I look around to take in what she’s seeing. My walls are a light gray, my bed, dressers, and side chair are all muted tones of black, gray, and cream, giving no hint of personality, just as I prefer it.

“Usually my only purpose of being in this room is to sleep, I don’t need to look at things to do that.” It’s the truth. What do I need all of those things for, if that’s the only reason I’m ever in here.

“No pictures of Allie? Or even the guys?” Sadness laces her voice, as she mindlessly runs her finger back and forth across my chest.

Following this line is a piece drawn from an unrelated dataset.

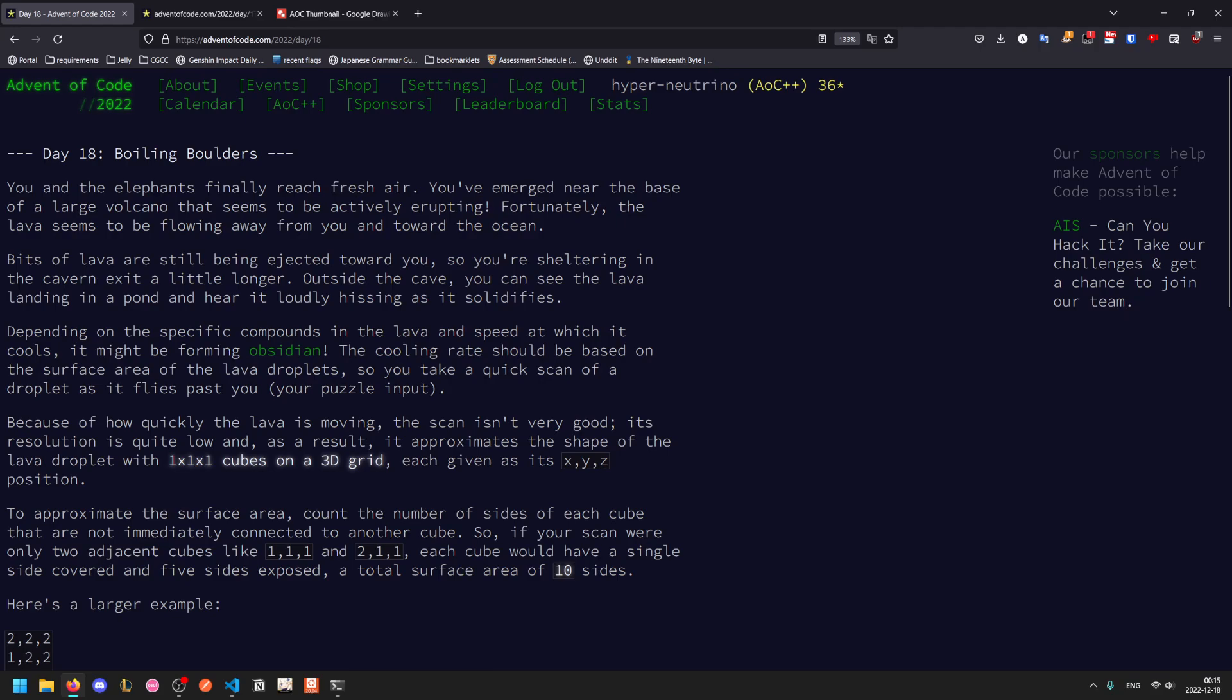So we finally reached fresh air and we've emerged near the base of the volcano. Fortunately the lava seems to be flowing away, but there are bits of lava still being ejected at us so we're hiding in a cave for a bit longer.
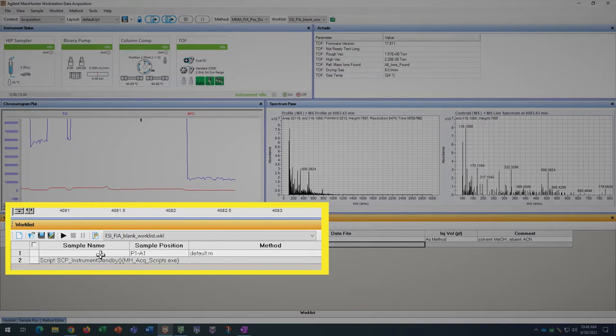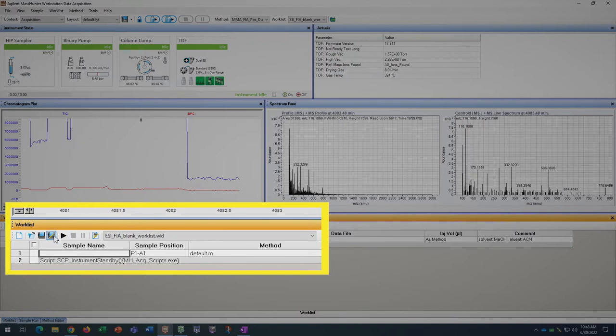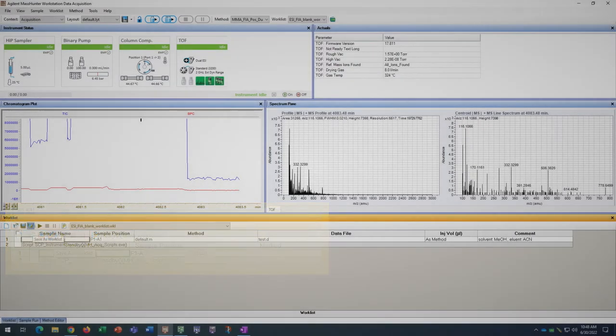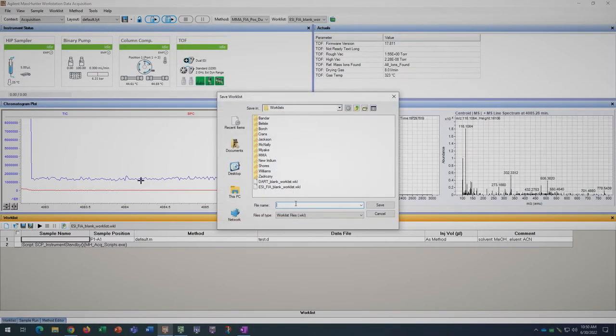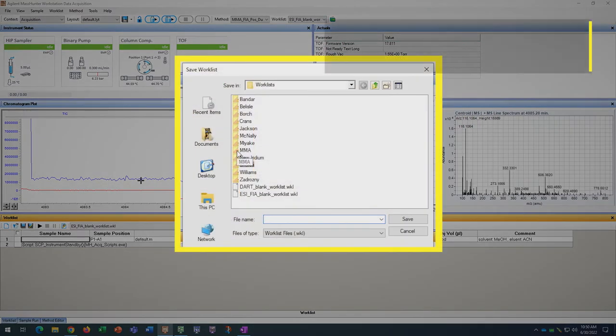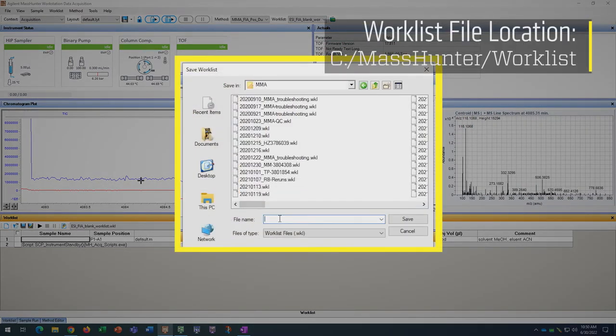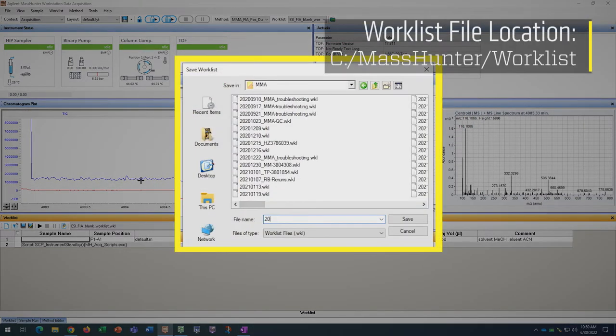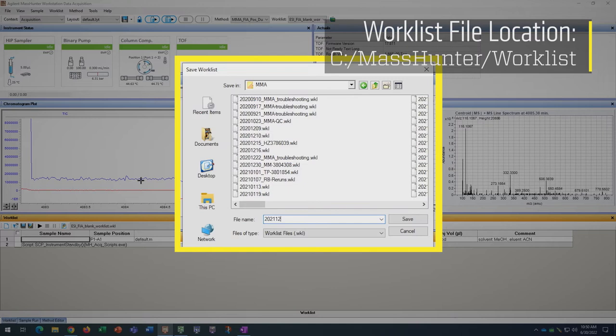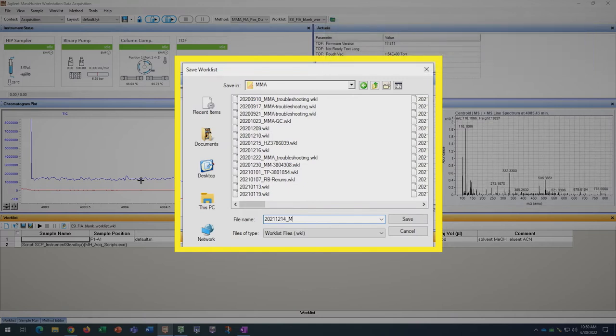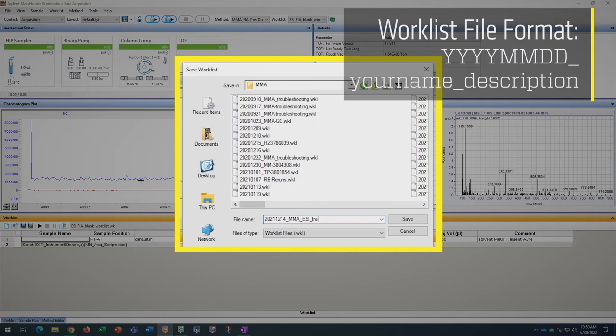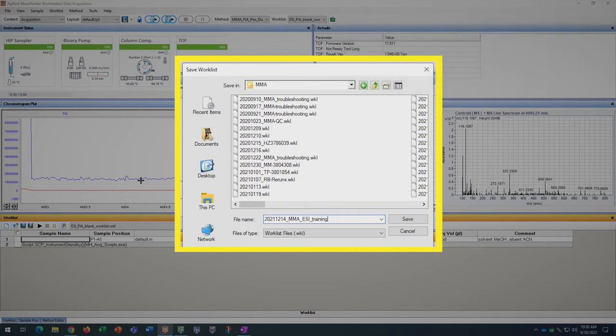If you use an old worklist or the blank worklist, please save as a new worklist before you make any changes to the old one. Today's worklist will be called 2021-12-14-MMA-ESI-training. Your worklist should be saved in the worklists folder starting with the date in the YYYYMMDD format.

“I have pictures with Allie and the guys, just not up.” I keep them hidden away in a box that I only look at when I need a reminder of why we started all of this. But I don’t tell her that. I don’t like talking about the reasons I am the way I am if I don’t have to, but I feel like she won’t give up if I don’t tell her.

“And your family?”

“I have all the family I need already.” My voice trails off, thinking about how she’s worked her way into the fold, tipping over the line of being our family too.

“Why did you kill your father? What happened to your mom?” She’s approaching the subject cautiously, and I don’t blame her. Ever since she came barging into our lives, my calm, collected resolve has been shot to hell. She makes me fucking crazy, which in turn makes me get heated even faster than normal.

“They don’t matter.”

“It matters so I can understand you better. Please, Ace.” There’s no hint of her usual sassy self in her voice. Just pure curiosity to understand the beast she's lying with. “You matter to me.”

I’ve put this girl through hell, she deserves something other than torture and sex from me. It’s not easy for me to talk about, but I will for her.

“My parents weren’t good people—far from it. They were two monsters who weren’t meant to have kids, but did. Two drug addicts, always looking for their next fix.” I sigh heavily as memories flood the front of my brain. “We lived in this run-down trailer off the railroad tracks in a rough part of town. It always smelled like cigarettes, piss, and hopeless despair.” All the smells I’ll never forget, ones that will be permanently etched into my brain.

“As we got older, my parents became more desperate to get their next fix. They’d do anything and I mean anything, so long as they could get high. We’d go days without food, constantly had eviction notices, and most of the time Allie and I had to scour garbage bins in order to eat. When Allie was born, I was her parent. I was only a kid, but I was doing whatever I could to keep her safe. Our parents simply didn’t care about us, until the times they deemed us useful.” Zamira remains calm, the only indication she’s still awake is the way she’s pressing her nails into my chest the longer I talk about my parents.

“I was five. Five-years-old the first time my mom and dad used my body for drugs. I was the golden ticket to getting them high, the price to be paid was my soul, not that they cared. My mom offered to give me up for a night, allowing her dealer to do whatever he wanted to me in exchange for a few days’ worth of drugs. And the sick thing about it? The dealer thought it was a perfectly acceptable bargain to make—a night with a child for some dope. That’s all I was worth to my mom. She didn’t care what her dealer put me through, maybe she got so high she could forget what she did to me.”

My heart is beating out of my chest below her head, trying to wash away the memories of every night my mom used me as a bargaining chip.